A raíz de procedimientos policiales recientes (en el barrio Santa Catalina, en el último partido entre Nacional y El Tanque Sisley, así como las detenciones “preventivas” previas a la marcha conmemorativa de la masacre de Jacinto Vera), resulta de interés reflexionar sobre las implicancias del vínculo entre autoridad policial y autoridad política, que usualmente se asume como aproblemático en la medida que se afirma que la institución policial está subordinada a la autoridad política. Ahora, si bien la responsabilidad última del comando de la fuerza pública es política, las corporaciones policiales suelen ser rebeldes a esa subordinación y en nombre de la competencia técnica reivindican la actuación directa de los funcionarios policiales.
En la evaluación de numerosos aspectos de las prácticas institucionales vinculadas al ejercicio del poder punitivo y de la fuerza pública, si aceptamos que la Constitución contiene un compromiso con la igualdad y la democracia, ello implica tomarse en serio la dimensión política cuando reflexionamos sobre la seguridad pública y las potestades policiales, y, en definitiva, supone tomar en cuenta el modo en que una comunidad construye la idea de seguridad. En este sentido, cualquier debate sobre las potestades policiales debe acompañarse con una discusión sobre la igualdad y la democracia, puesto que la elaboración del marco normativo para el segmento policial del control social constituye una de las áreas de la vida social donde el aparato del Estado y el sistema político se hacen sentir con más fuerza, y en la que los derechos no pueden ser un obstáculo. En estos asuntos, que tienen que ver con la delimitación de la fuerza pública, pueden encontrarse bastantes explicaciones para entender las dificultades y las contradicciones que sufre un gobierno progresista cuando acepta, refuerza y adopta como propio el discurso de la seguridad ciudadana, discurso que básicamente se construye sobre la emotividad y el autoritarismo.

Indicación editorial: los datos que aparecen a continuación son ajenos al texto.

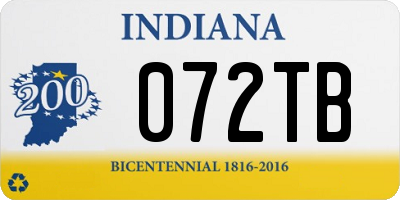 IN license plate 072TB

La incorporación de los intereses y fines de una corporación que exhibe prácticas consolidadas de excesos y malos tratos, mediante la “legalización” de procedimientos, constituye una forma de presentar como creencias generales y compartidas de una determinada cultura una ideología de la seguridad pública unidimensionalmente concebida (en la medida que sólo toma en cuenta estrategias represivas), que restringe, en lugar de ampliar, el ejercicio de derechos. Por supuesto que no es algo nuevo, al menos se ha repetido la misma estrategia desde el primer gobierno de Julio María Sanguinetti. Lo preocupante es que el tratamiento “progresista” de la temática reutilice los mismos argumentos o los impulse desde documentos por la vida y la convivencia o políticas sociales que restringen los problemas a unas pocas zonas del país. Estos argumentos están presentes en la estrategia comunicacional de las autoridades, a efectos de justificar determinadas soluciones normativas restrictivas de las potestades jurisdiccionales, así como de los derechos de las personas (detenciones sin orden judicial fuera de las hipótesis de flagrancia, detención en averiguaciones y allanamientos de morada, entre otros). Formas abusivas y violentas de actuación que contribuyen con la inseguridad.
A la luz de estas consideraciones, parece paradójico que, sin haber ocurrido cambios de significación en el funcionamiento y las prácticas de la agencia policial, desde el Ministerio del Interior se haga hincapié en la importancia de que la población crea y confíe en la Policía. Será necesario seguir reflexionando, como un tema propio de la agenda de derechos humanos, acerca de la cuestión de la naturalización de la arbitrariedad de los mecanismos de control social y de la incidencia del discurso experto en el encubrimiento de soluciones legislativas que vulneran derechos y habilitan excesos de las agencias de control. Sólo cuando la “política” asuma que los hechos de violencia como los ocurridos en Santa Catalina son una constatación de que la institución policial es parte del problema de la inseguridad, las autoridades dejarán de confundir aserrín con pan rallado, el sur y el norte de avenida Italia y a cualquier policía con un amigo.